In a meeting Thursday afternoon in Madison with several representatives of The Capital Times, Big Ten Conference commissioner Jim Delany characterized hockey as a "center of excellence" and "very relevant." And while Big Ten Network president Mark Silverman said that only 10 games involving conference teams will air this season, "we think that will increase each year." A Big Ten spokeswoman said Friday that as many as three to four of those games will involve Wisconsin.
Delany said the Big Ten will not force a superconference concept on its five member schools that offer the sport -- Wisconsin and Minnesota in the WCHA, and Michigan, Michigan State and Ohio State in the Central Collegiate Hockey Association. Instead, he is interested in creating a tournament involving the schools that would be modeled after the ACC/Big Ten Challenge in men's basketball.
The prospect of a Big Ten conference is a long-discussed and polarizing topic in hockey circles. Proponents believe a merger would provide more of an identity among casual fans, and therefore greater credibility. Opponents believe it would be a step backwards for college hockey on the whole, because it would choke off exposure and revenue for other WCHA and CCHA schools whose other sports compete in Division II or Division I mid-major conferences.
"We're not trying to replace the structure. We're trying to work with the structure," said Delany, who has met with the commissioners of both hockey conferences. "But I also believe that the Big Ten brand is one of the great brands in sports today. And I think if we could find a way, not to have a Big Ten championship, but to help hockey and have hockey help the Big Ten Network, I think those are not mutually exclusive goals. I think they can work together.
"But we're not going any place in hockey without 100 percent support from our ADs and our coaches."
Baseball, on the other hand, figures to be a sizable draw for the Big Ten Network during the spring. Wisconsin dropped its program in 1991, citing gender equity and financial concerns, and remains the only conference school without the sport.
UW athletic director Barry Alvarez said the topic of bringing back baseball had not been discussed either internally or with Big Ten Network representatives. He steadfastly opposes the idea because he believes it would negatively affect the 23-sport program on the whole, in part because at least one women's sport would need to be added to address Title IX concerns.
"I'm able to allow all 23 coaches to compete at a high level. I'm able to finance them, so that they can be competitive. I just don't feel right now, with some of our construction, and our strategic plan as far as where we want to go with facilities, that we want to add -- it wouldn't be just one sport, it would be at least two sports," Alvarez said.

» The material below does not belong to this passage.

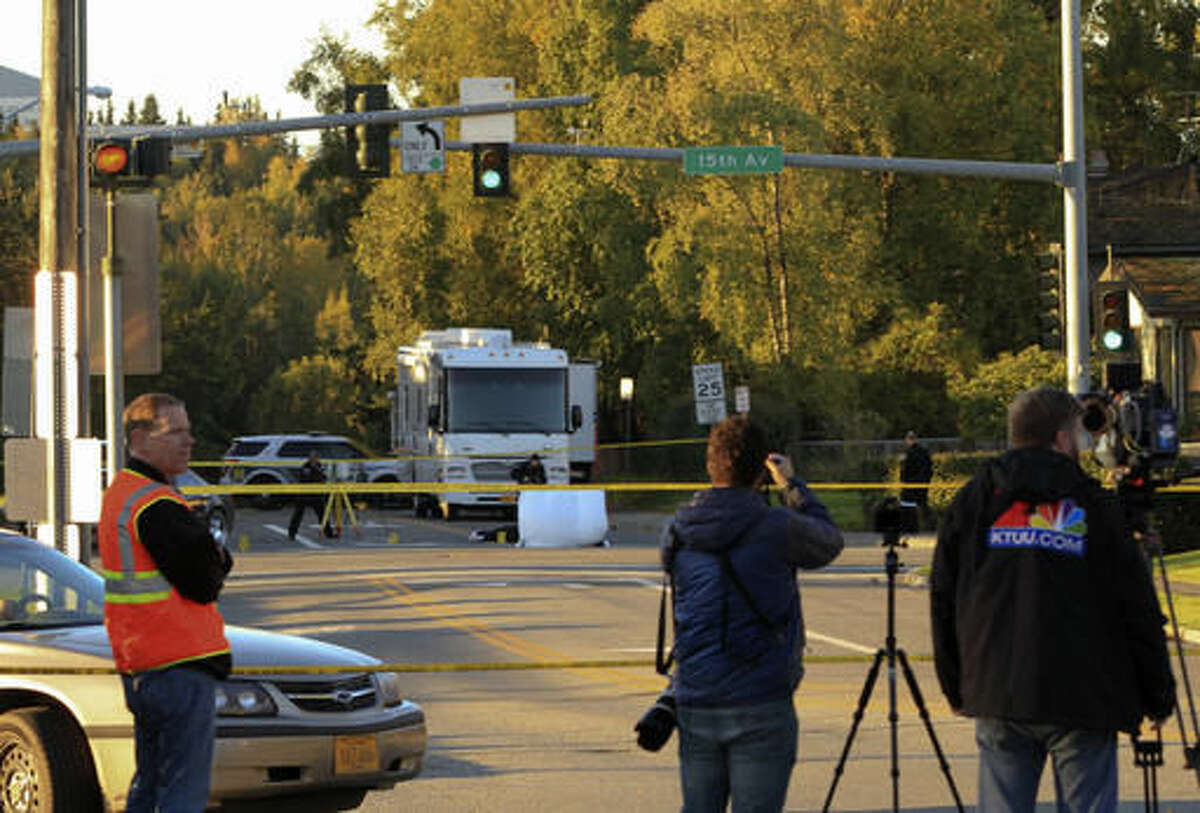 A photographer and videographer stand behind police lines as Anchorage police process a crime scene near two downtown schools in which a man was found fatally shot on Tuesday, Sept. 13, 2016, in Anchorage, Alaska. The intersection at 15th Avenue and C Street borders Central Middle School and is two blocks from Chugach Optional Elementary School. The shooting occurred before the schools opened but the schools were closed for the day. (AP Photo/Dan Joling)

"And when you really research what a baseball team would cost -- and now we don't even have a facility -- it would impact a lot of our other sports. I just don't think that's fair right now to do it. I don't choose to do that right now."
Thanks for finding this article. I don't know about all of you, but when I read this, Jim Delany isn't exactly closing the door on a Big Ten hockey league at all. It certainly won't be forced, but it's not very much of a stretch at all to think that the 5 Big Ten schools that currently have hockey programs would band together at some point. When push comes to shove, are schools such as Michigan or Wisconsin going to act in the best interests of the Big Ten or the CCHA or WHA? I understand that the various hockey league ties might be deep, but we're also talking about a number of schools that have been Big Ten members for 100 years or more that now has its own television network. If we've learned anything over the years, it's that money rules in the end.